As a professional trainer and developer - check my profile here as I shamelessly self promote ;) - one of my job descriptions is to keep up with the latest tech stuff that is happening. One of those tech things that I came across lately was the new and improved Google Cardboard. There are several things I admire about Google and other things I don’t, but with the cardboard, they really have done something very interesting.

There is a lot of talk about VR lately. There was that thing about Holograms from Microsoft, then that purchase of Oculus Rift from Facebook and not to forget a lot of VR gear from Samsung, PlayStation and every other hardware company out there. One thing that always bothered me was how expensive things are with VR. For instance, just to use Oculus Rift (not to buy it, mind you) you will need a computer that will literally cost you an arm and a leg. No kidding!

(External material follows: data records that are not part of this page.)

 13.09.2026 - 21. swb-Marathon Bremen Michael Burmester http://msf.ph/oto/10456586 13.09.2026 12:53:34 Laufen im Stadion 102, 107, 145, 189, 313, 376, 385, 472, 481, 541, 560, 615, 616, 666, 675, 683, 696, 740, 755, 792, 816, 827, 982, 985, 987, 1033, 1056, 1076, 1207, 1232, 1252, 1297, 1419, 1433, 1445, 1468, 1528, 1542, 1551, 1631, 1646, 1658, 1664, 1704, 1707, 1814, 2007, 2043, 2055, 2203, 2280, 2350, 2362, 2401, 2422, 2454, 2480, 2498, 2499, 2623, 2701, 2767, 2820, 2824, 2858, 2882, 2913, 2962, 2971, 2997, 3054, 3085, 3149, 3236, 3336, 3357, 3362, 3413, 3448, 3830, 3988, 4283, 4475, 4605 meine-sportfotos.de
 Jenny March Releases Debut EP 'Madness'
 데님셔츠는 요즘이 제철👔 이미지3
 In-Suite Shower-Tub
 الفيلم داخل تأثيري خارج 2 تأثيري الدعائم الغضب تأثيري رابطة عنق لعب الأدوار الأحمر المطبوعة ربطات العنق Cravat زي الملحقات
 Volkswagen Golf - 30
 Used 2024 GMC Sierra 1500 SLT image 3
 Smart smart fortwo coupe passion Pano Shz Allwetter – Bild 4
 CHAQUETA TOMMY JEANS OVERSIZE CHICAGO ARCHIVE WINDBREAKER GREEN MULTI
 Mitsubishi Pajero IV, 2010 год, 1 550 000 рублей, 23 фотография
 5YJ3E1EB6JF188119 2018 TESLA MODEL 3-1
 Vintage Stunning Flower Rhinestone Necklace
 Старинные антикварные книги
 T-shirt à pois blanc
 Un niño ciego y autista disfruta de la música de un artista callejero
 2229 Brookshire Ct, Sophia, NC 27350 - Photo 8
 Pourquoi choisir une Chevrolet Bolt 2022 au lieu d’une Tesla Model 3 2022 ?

Then, we have the Google Cardboard. The thing that is photographed above cost me less than 300 rupees. Then, to enjoy some really cool VR experiences, I simply had to plug my trusty old Mi4 into it and whoa! Sufficiently cool VR at my disposal. When I had a student try it on, she/he could not stop from shouting with joy. That is when I realized that VR has arrived and it is cost effective. Good job Google!

Of course, I enjoyed the device as a consumer (VR experience can be dizzy and it might give you neck pain and some nose pain as well – disclaimer stuff) but I wondered how I can create VR experiences. That is when I found out that VR experiences can be built using Unity. I have some experience in Unity, having built a simple game a while ago. Further, I also found out that, leap motion (a device on which study nildana is already working on) also has compatibility with Unity.

To add things up, by combining the three techs of Unity, Leap Motion and Google Cardboard, it is possible to build simple VR experiences. Interesting…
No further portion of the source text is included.